Week 7: HIVE and Apache SparkSQL Flashcards
HIVE
It’s an open-source data warehousing solution built on top of Hadoop. It can support queries written in HiveQL, which is similar to SQL, as well as queries that are compiled into MapReduce jobs that are executed using Hadoop. HIVE is like a wrapper for people familiar with SQL to help them do big data processing in the context of data warehousing.
Pros:
1. An easy way to process large scale data.
2. Supports SQL-based queries.
3. Provides more user defined interfaces to extend programmability.

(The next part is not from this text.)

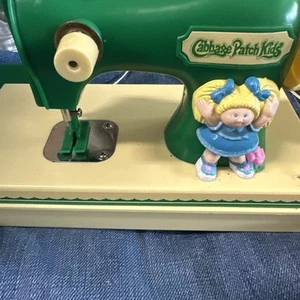 Cabbage Patch Kids Sewing Machine W/ Foot Pedal. Vintage Good Condition - Picture 1 of 6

4. Efficient execution of plans for performance interoperability with other databases.
Cons:
1. No easy way to append data.
2. Files in HDFS are immutable.
HIVE: Applications
Common applications include: log processing, text mining, document indexing, customer-facing business intelligence (Google Analytics), predictive modelling, hypothesis testing
HIVE Components: Client Components
Command Line Interface (CLI), the web UI, JDBC/ODBC driver.
HIVE Components: Driver
The driver manages the lifecycle of a HiveQL statement as it moves through HIVE, maintains a session handle, and maintains session statistics.
HIVE Components: Compiler
It compiles HiveQL into MapReduce tasks.
HIVE Components: Optimiser
Optimises the tasks (improves HiveQL)
HIVE Components: Executor
It executes the tasks in the proper order and interacts with Hadoop.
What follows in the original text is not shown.